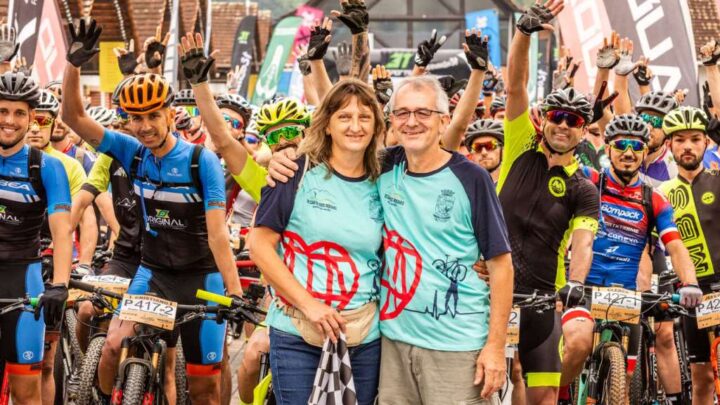 Contagem regressiva para o Desafio dos Rochas em Pomerode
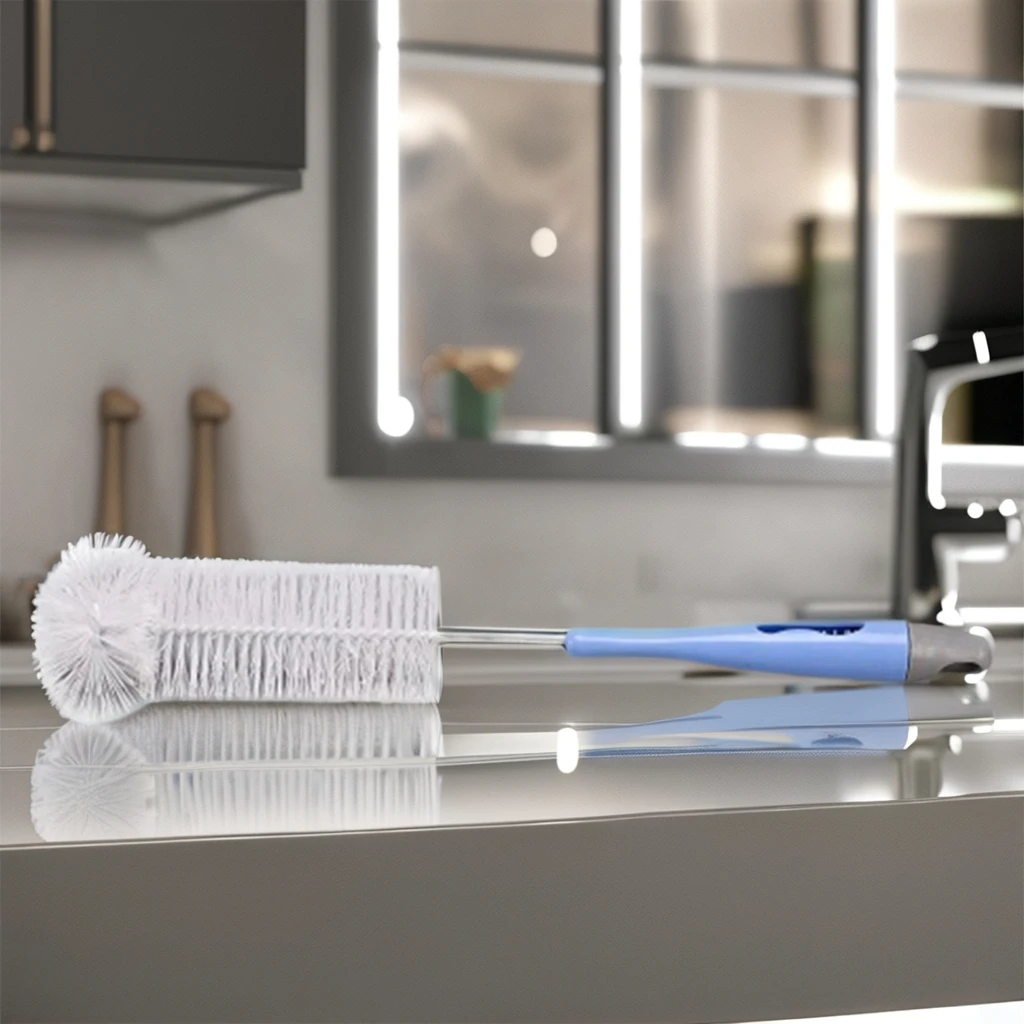 Good Quality Factory Supply Customized Color 2 in 1 Bottle Brush Set Kitchen Cleaner Tools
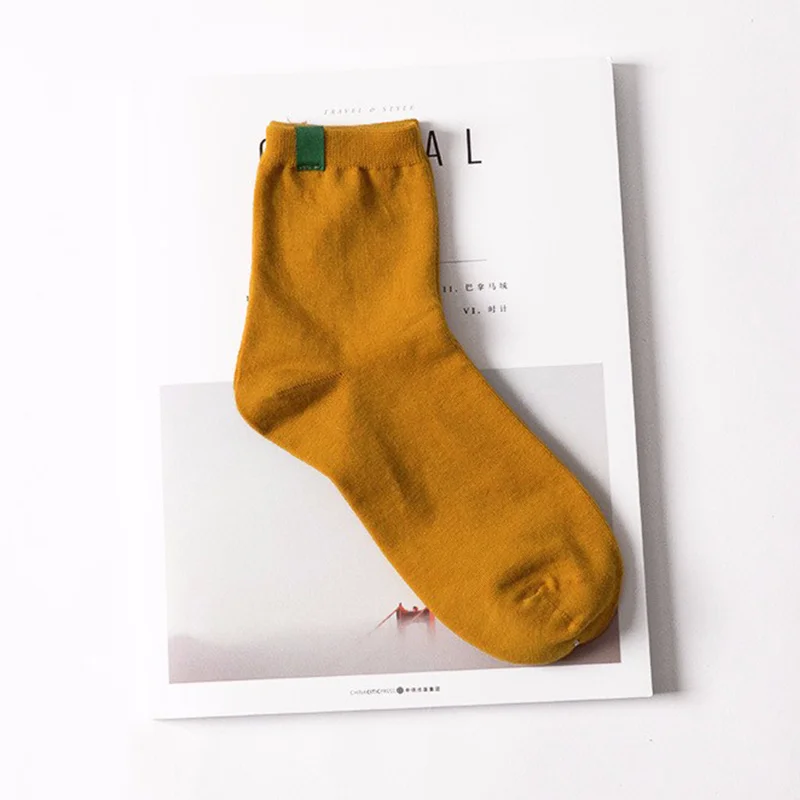 Горячая распродажа Женские Носки короткие корейской моды Осень Повседневные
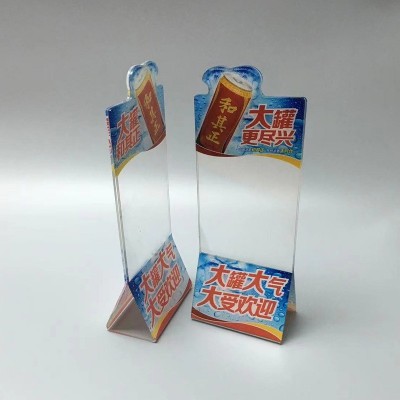 亚克力台卡桌牌菜单牌有机玻璃餐牌酒水牌桌面展示牌厂家直销图4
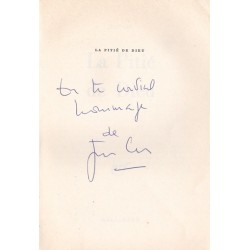 LA PITIE DE DIEU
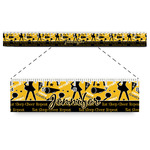 Cheer Plastic Ruler - 12" (Personalized)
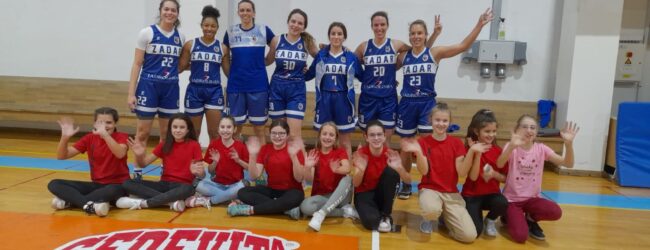 ŽKK Zadar Plus uvjerljivo protiv Otočca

□ □ □ □ □ □ □

| Task description |
Set down exactly, with no additions, each line from the line that includes "亚克力台卡桌牌菜单牌有机玻璃餐牌酒水牌桌面展示牌厂家直销图4" to the final line of the entries above; leave pictures out.

| Response |
 亚克力台卡桌牌菜单牌有机玻璃餐牌酒水牌桌面展示牌厂家直销图4
 LA PITIE DE DIEU
 Cheer Plastic Ruler - 12" (Personalized)
 ŽKK Zadar Plus uvjerljivo protiv Otočca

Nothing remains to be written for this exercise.